Find the midpoint of the segment with endpoints of −11 + i and −4 + 4i.

Answer 1

The midpoint is the average of the endpoints.
  ((-11+i) + (-4+4i))/2 = -15/2 +5/2i

Answer 2

Answer:  The midpoint of the line segment is $(-7.5+2.5i).$

Step-by-step explanation: We are given to find the mid-point of the line segment with endpoints as follows:

$A=-11+i,\\\\B=-4+4i.$

We know that a complex number can be treated as a co-ordinate of a point in the two dimensional plane.

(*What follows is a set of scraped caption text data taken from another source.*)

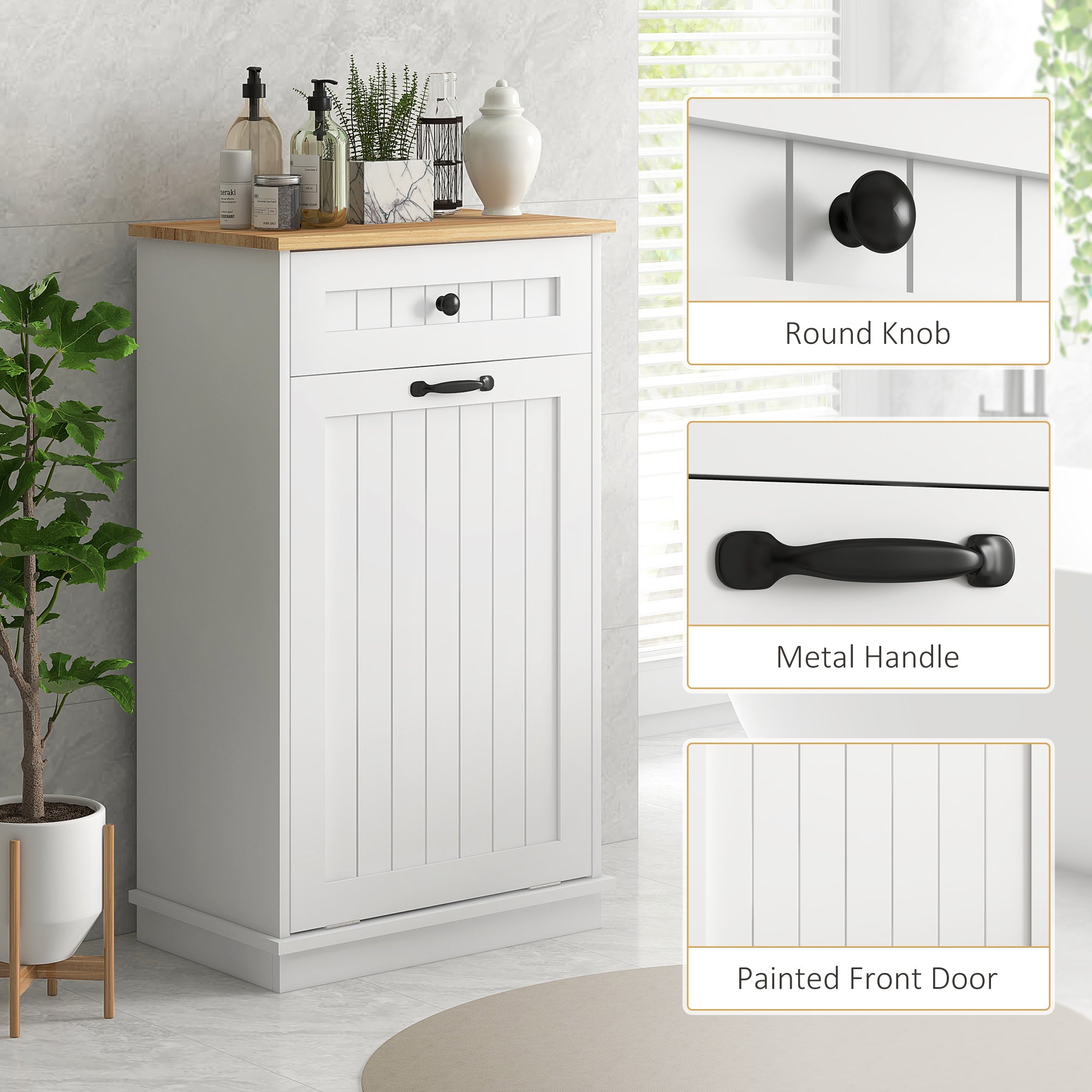 Laundry Cabinet with Removable Basket and Drawer, Tilt-Out Laundry Hamper for Bathroom, Living Room, White Bathroom Cabinets at Gallery Canada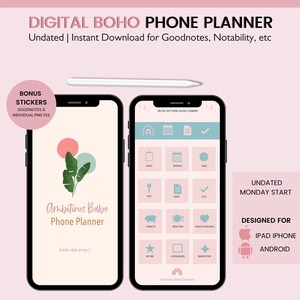 May include: A digital phone planner app mockup with a pink and green boho theme. The app features a calendar, notes, and other organizational tools. The text "Ambitious Babe Phone Planner" is displayed on the screen. The app is designed for iPad, iPhone, and Android devices.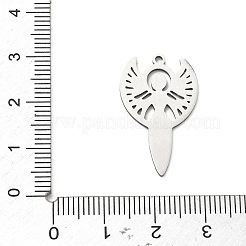 ステンレスペンダント201個  天使と翼のチャーム  ステンレス鋼色  26.5x16x1mm  穴：1.4mm&nbsp;SA-CBA6FBD-18P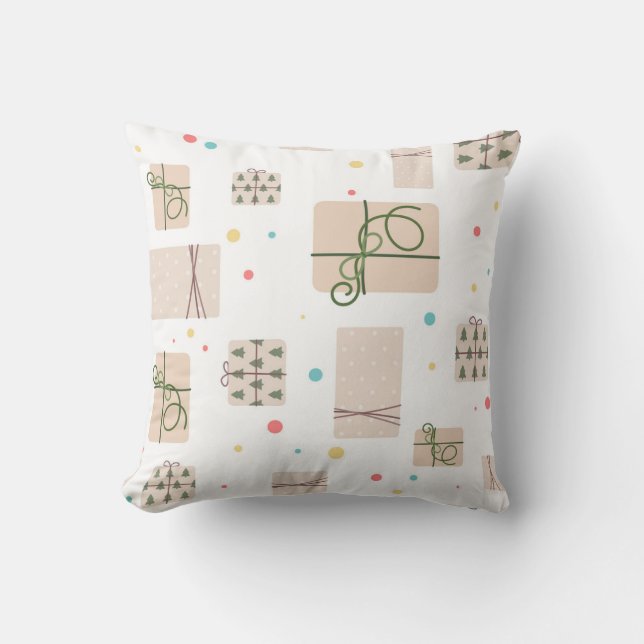 Seamless pattern with gift boxes. Gifts Packed in  Throw Pillow (Front)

That is, if (x, y) is any point in the XY-plane, then we can write

(x, y)  ⇒  x + yi.

So, the points 'A' and 'B' can be written as

$A=-11+i=(-11,1),\\\\B=-4+4i=(-4,4).$

Therefore, the co-ordinates of the mid-point of the line segment with endpoints 'A' and 'B' are

$\left(\dfrac{-11+(-4)}{2},\dfrac{1+4}{2}\right)=\left(\dfrac{-15}{2},\dfrac{5}{2}\right)=(-7.5,2.5).$

So, (-7.5, 2.5) is the mid-point of the line segment AB.

Writing the co-ordinates of the mid-point in the form of a complex number, we have

(-7.5, 2.5)  ⇒  -7.5 + 2.5i.

Thus, the required midpoint is $-7.5+2.5i.$